Dari sektor tunggal putra, wakil Indonesia yang gagal yakni Anthony Sinisuka Ginting yang menyerah dari pebulutangkis Denmark, Viktor Axelsen. Pemain asal Cimahi itu takluk dari pebulu tangkis rangking satu dunia itu dengan skor 13-21, 21-19, 9-21.

Satu lagi wakil Indonesia yang gagal ke empat besar ialah Apriyani/Fadia. Peraih medali emas SEA Games 2021 itu harus mengakui keunggulan ganda putri Korea Selatan, Lee So Hee/Shin Seung Chan dengan skor 14-21, 19-21.

Hasil Mengejutkan

Hasil ajang Indonesia Open 2022 ini sungguh mengejutkan jika mau dibilang. Di Indonesia Masters 2022, Tim Merah Putih masih beruntung karena meraih satu gelar juara dan runner up. Turnamen Indonesia Masters 2022 yang digelar sebelum Indonesia Open 2022.

Gelar juara diraih melalui ganda putra Fajar Alfian/Muhammad Rian Ardianto. Bagi ganda putra Indonesia ini, gelar tersebut  merupakan gelar pertama mereka di Indonesia Masters dan pertama di Istora Gelora Bung Karno Senayan.

Sedangkan runner up diraih ganda putri Apriyani Rahayu/Siti Fadia Silva Ramadhanti. Ganda putri Indonesia kalah di babak final oleh pasangan China, Cheng Qing Chen/Jia Yi Fan.

Mengapa Indonesia gagal total terutama di Indonesia Open 2022 padahal terang-terangan menjadi tuan rumah dengan dukungan penonton yang sangat luar biasa apalagi berlangsung di Istora Gelora Bung Karno Senayan yang sejak dulu dikenal sebagai 'tempat angker' bagi pebulu tangkis bukan Indonesia.

Hasil kurang memuaskan itu sontak saja membuat Ketua Bidang Pembinaan dan Prestasi PP PBSI Rionny Mainaky angkat bicara. Ia terang-terangan menyebutkan, kegagalan skuad Cipayung di ajang Indonesia Open 2022 semata-mata karena faktor fisik dan teknik.

Masuk akal memang alasan tersebut. Karena waktu penyelenggaraan turnamen yang berdekatan antara Indonesia Masters dan Indonesia Open membuat beberapa pemain tuan rumah kelelahan. Namun sangat bijak jika hal ini menjadi alasan kegagalan Tim Merah Putih.

Dalam turnamen berhadiah total 1,2 juta dolar AS tersebut, dari empat wakil yang tersisa di perempat final, semuanya gagal memetik kemenangan.
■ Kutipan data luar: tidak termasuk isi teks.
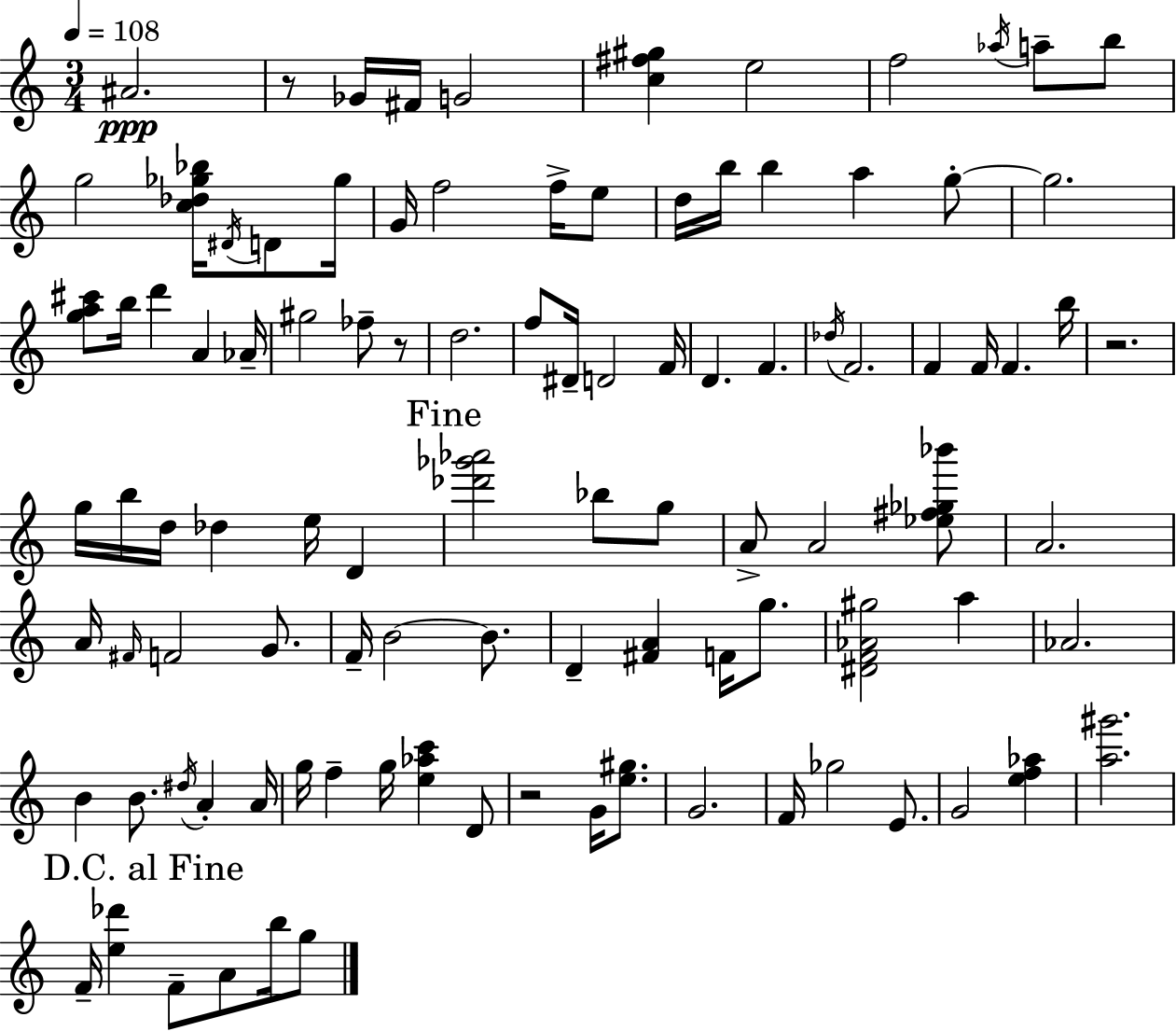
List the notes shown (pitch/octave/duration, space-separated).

A#4/h. R/e Gb4/s F#4/s G4/h [C5,F#5,G#5]/q E5/h F5/h Ab5/s A5/e B5/e G5/h [C5,Db5,Gb5,Bb5]/s D#4/s D4/e Gb5/s G4/s F5/h F5/s E5/e D5/s B5/s B5/q A5/q G5/e G5/h. [G5,A5,C#6]/e B5/s D6/q A4/q Ab4/s G#5/h FES5/e R/e D5/h. F5/e D#4/s D4/h F4/s D4/q. F4/q. Db5/s F4/h. F4/q F4/s F4/q. B5/s R/h. G5/s B5/s D5/s Db5/q E5/s D4/q [Db6,Gb6,Ab6]/h Bb5/e G5/e A4/e A4/h [Eb5,F#5,Gb5,Bb6]/e A4/h. A4/s F#4/s F4/h G4/e. F4/s B4/h B4/e. D4/q [F#4,A4]/q F4/s G5/e. [D#4,F4,Ab4,G#5]/h A5/q Ab4/h. B4/q B4/e. D#5/s A4/q A4/s G5/s F5/q G5/s [E5,Ab5,C6]/q D4/e R/h G4/s [E5,G#5]/e. G4/h. F4/s Gb5/h E4/e. G4/h [E5,F5,Ab5]/q [A5,G#6]/h. F4/s [E5,Db6]/q F4/e A4/e B5/s G5/e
Akhirnya, tidak ada wakil Indonesia yang lolos di semifinal.

"Melihat hasil keseluruhan saat kami gagal meloloskan wakil ke babak semifinal bukan tanpa alasan. Faktor kondisi fisik turut memengaruhi, sehingga wakil Indonesia gagal di babak perempat final," kata Rionny Mainaky di Istora Gelora Bung Karno, Senayan, Jakarta, Sabtu (18/6/2022) sore.

Jika ini persoalannya maka tidak ada kata terlambat untuk mengenjot kondisi fisik pemain. Apalagi sebentar lagi tim bulutangkis Indonesia akan berjuang kembali di Malaysia lalu  berlanjut ke Singapura Terbuka.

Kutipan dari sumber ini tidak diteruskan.